Looping Flow Control

This chapter will begin by looking at flow control in the form of loops. Loops are essentially sequences of Kotlin statements which are to be executed repeatedly until a specified condition is met. The first looping statement we will explore is the for loop.

The Kotlin for-in Statement

The for-in loop is used to iterate over a sequence of items contained in a collection or number range.

The syntax of the for-in loop is as follows:

for variable name in collection or range {
         // code to be executed
}

In this syntax, variable name is the name to be used for a variable that will contain the current item from the collection or range through which the loop is iterating. The code in the body of the loop will typically use this name as a reference to the current item in the loop cycle. The collection or range references the item through which the loop is iterating. This could, for example, be an array of string values, a range operator or even a string of characters.

Consider, for example, the following for-in loop construct:

for (index in 1..5) {
  println("Value of index is $index")
}

The loop begins by stating that the current item is to be assigned to a constant named index. The statement then declares a closed range operator to indicate that the for loop is to iterate through a range of numbers, starting at 1 and ending at 5. The body of the loop simply prints out a message to the console indicating the current value assigned to the index constant, resulting in the following output:

Value of index is 1
Value of index is 2
Value of index is 3
Value of index is 4
Value of index is 5

The for-in loop is of particular benefit when working with collections such as arrays. In fact, the for-in loop can be used to iterate through any object that contains more than one item. The following loop, for example, outputs each of the characters in the specified string:

for (index in "Hello") {
  println("Value of index is $index")
}

The operation of a for-in loop may be configured using the downTo and until functions. The downTo function causes the for loop to work backwards through the specified collection until the specified number is reached. The following for loop counts backwards from 100 until the number 90 is reached:

for (index in 100 downTo 90) {
  print("$index.. ")
}

When executed, the above loop will generate the following output:

100.. 99.. 98.. 97.. 96.. 95.. 94.. 93.. 92.. 91.. 90..
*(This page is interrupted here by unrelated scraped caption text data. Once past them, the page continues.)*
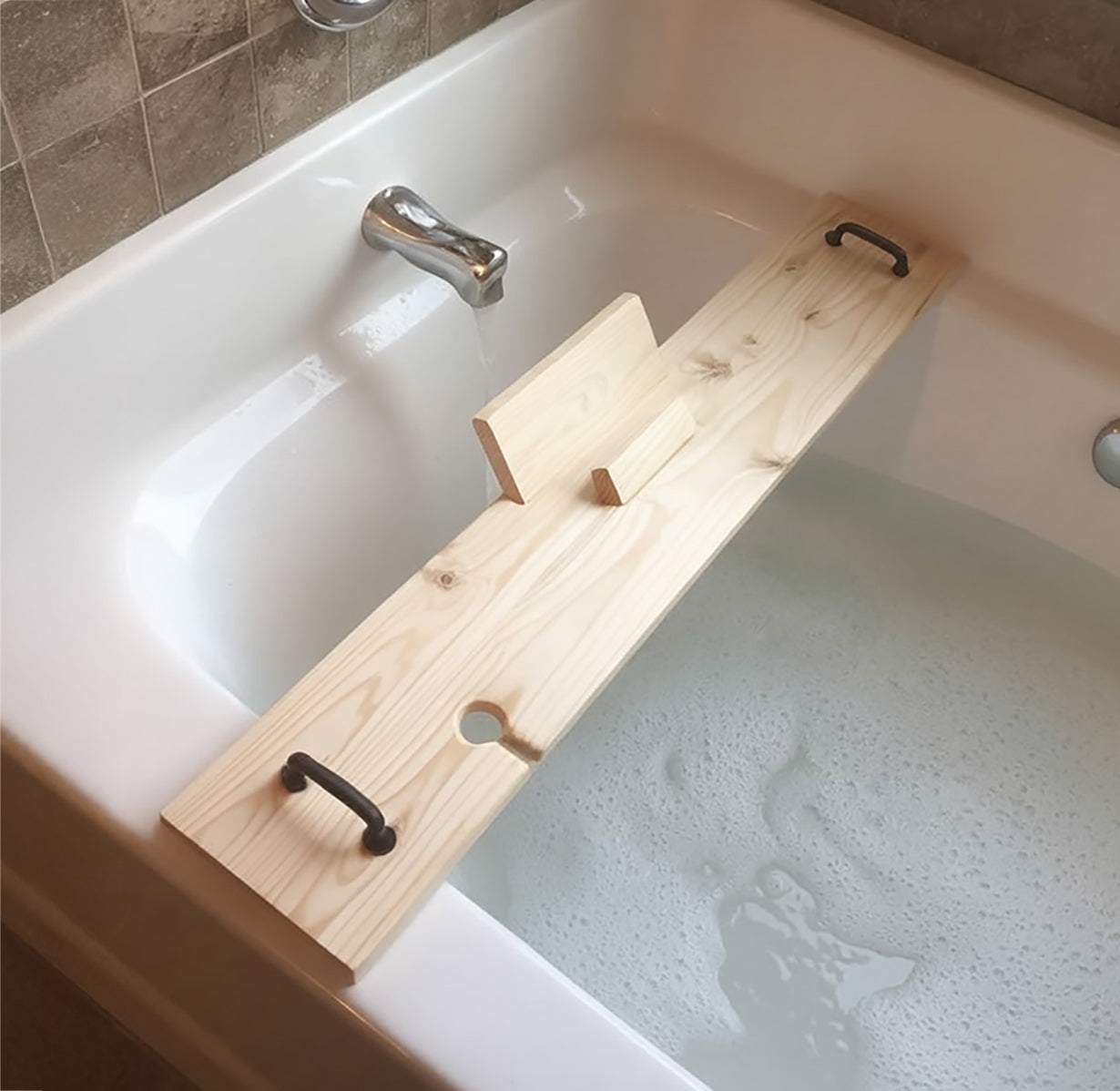 Rustic Wooden Bath Tray with Phone/Book Stand & Handles
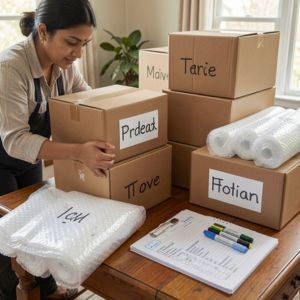 Packers and movers before shifting tips with organized packing and labeling boxes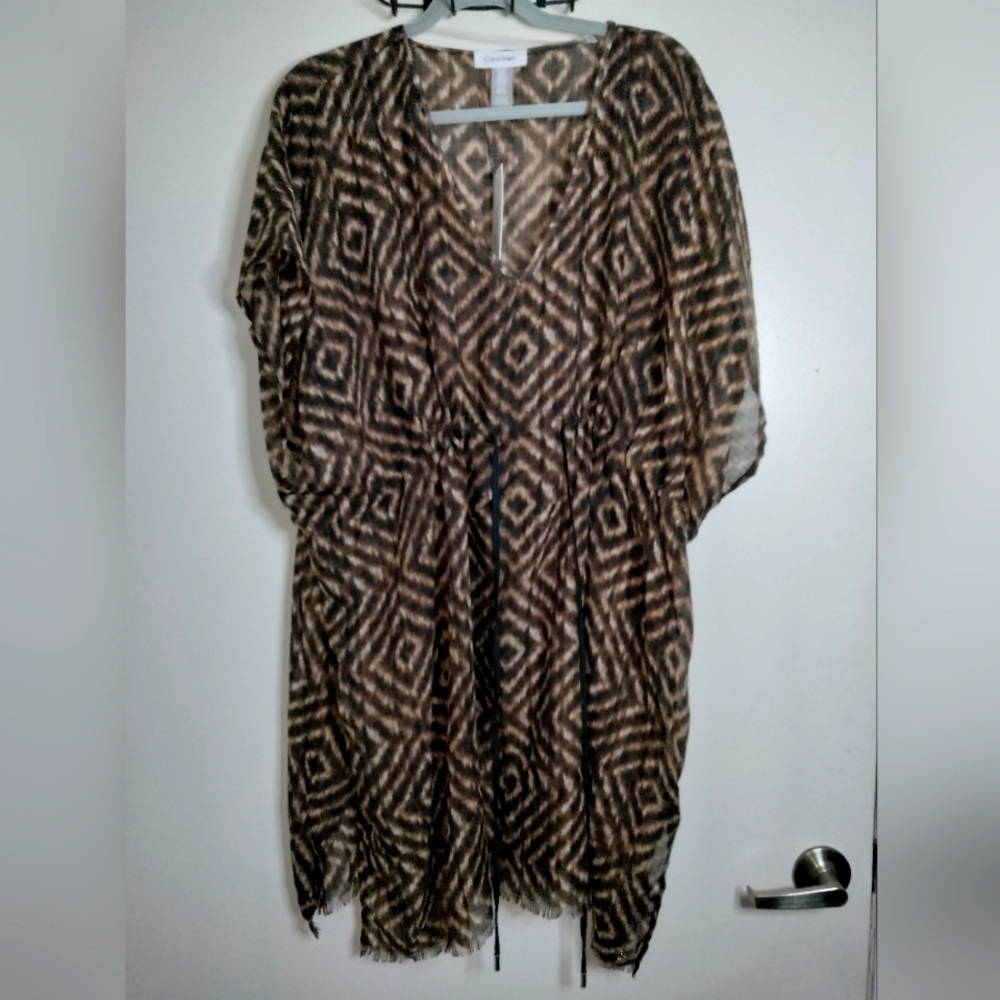 Calvin Klein (Size O/S) Multicolor Geometric Patterned Tunic Cover Up (NEW-NWT)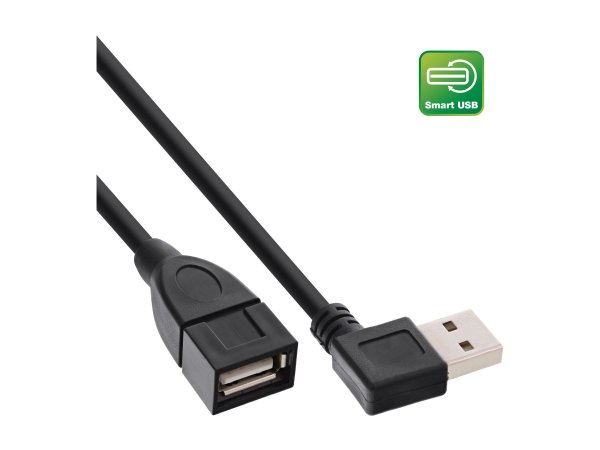 InLine Prolunga Smart USB 2.0 angolata - Tipo A,mreversibile - F - nero - 1m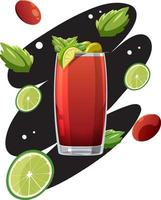 Isolated bloody mary cocktail on white background vector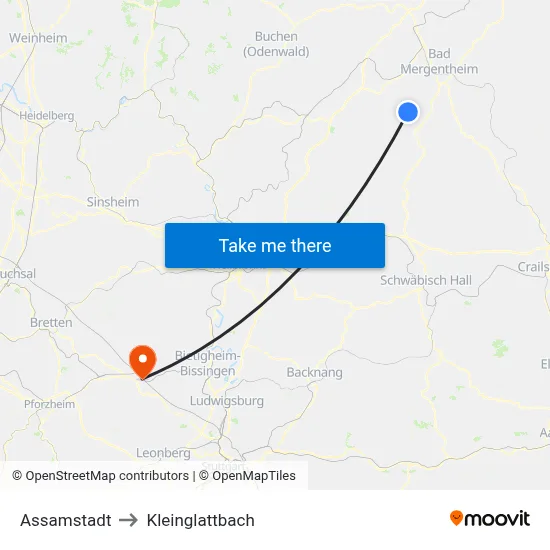 Assamstadt to Kleinglattbach map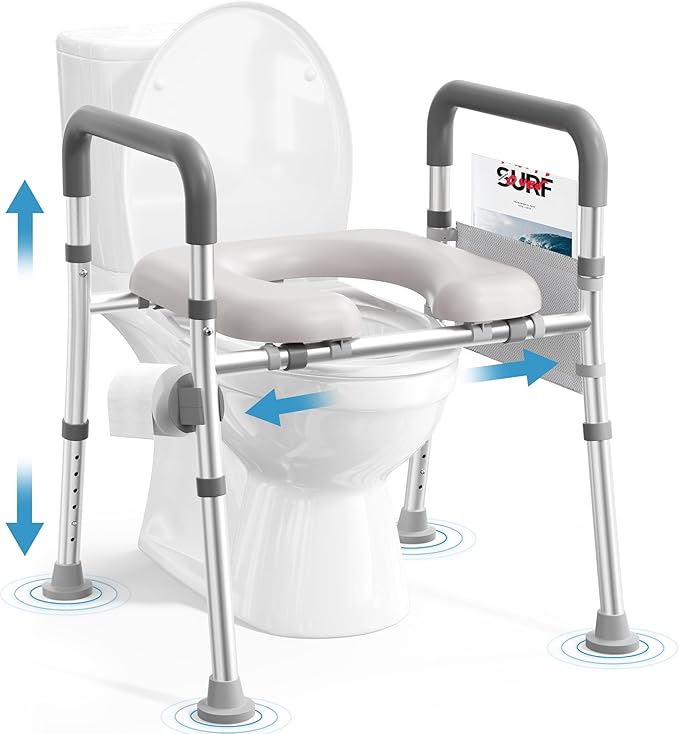 Soundfuse Toilet Seat Riser for Seniors, FSA HSA Eligible Raised Toilet Seat with Handles, Adjustable Height & Width, 400lb Handicap Elevated Toilet Seat, Fit Any Toilet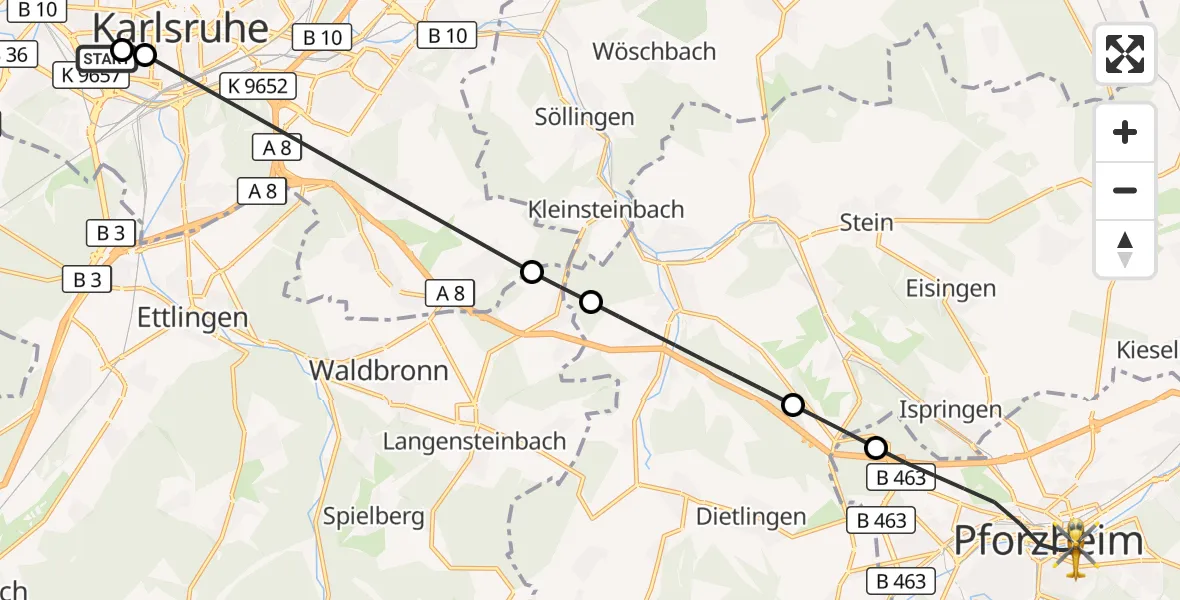 Flugroute Rettungshubschrauber Sankt Vincentius Hospital - Pforzheim, 08 Mai 2026, 07:18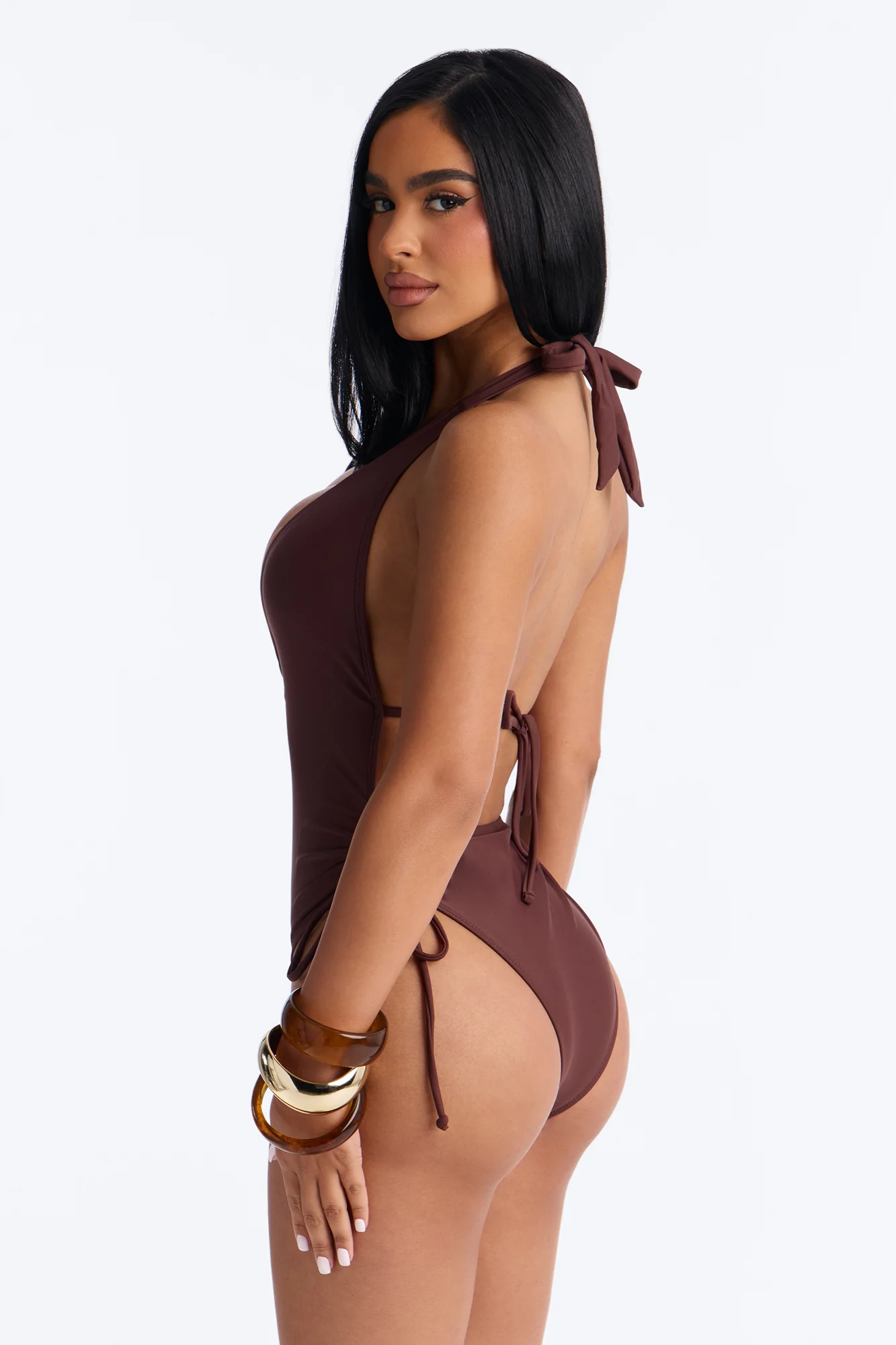 Paige Hardware Deep V-Neck Side Ruching 1 Piece Swimsuit - Brown - Image 4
The until function operates in much the same way with the exception that counting starts from the bottom of the collection range and works up until (but not including) the specified end point (a concept referred to as a half closed range):

for (index in 1 until 10) {
  print("$index.. ")
}

The output from the above code will range from the start value of 1 through to 9:

1.. 2.. 3.. 4.. 5.. 6.. 7.. 8.. 9..

The increment used on each iteration through the loop may also be defined using the step function as follows:

for (index in 0 until 100 step 10) {
  print("$index.. ")
}

The above code will result in the following console output:

0.. 10.. 20.. 30.. 40.. 50.. 60.. 70.. 80.. 90..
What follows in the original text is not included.